What you should do
No picture should appear in the copy. Transcribe exactly, and only, the lines from the one with "Karşılaştırma Operatörleri" through the last line of the data below.

Supplied data
========================================

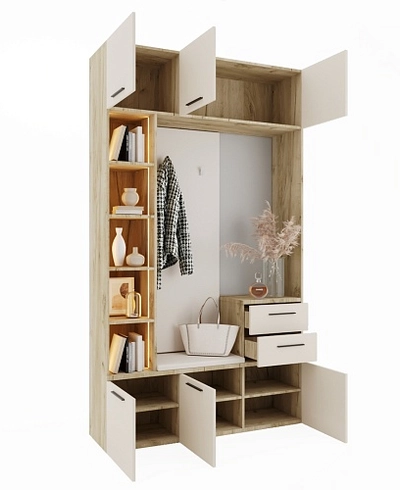 Секция с вешалкой и стеллажом L416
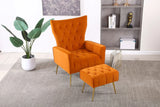 Modern Accent Chair With Ottoman, Comfy Armchair For Living Room - Furniture Home Direct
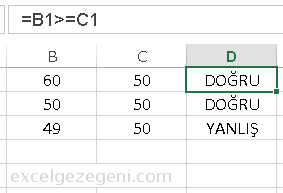 Karşılaştırma Operatörleri
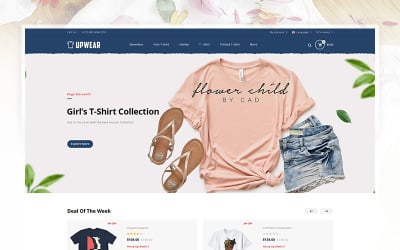 Upwear - Sklep z koszulkami i ubraniami Responsywny szablon OpenCart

========================================

Result for this task
 Karşılaştırma Operatörleri
 Upwear - Sklep z koszulkami i ubraniami Responsywny szablon OpenCart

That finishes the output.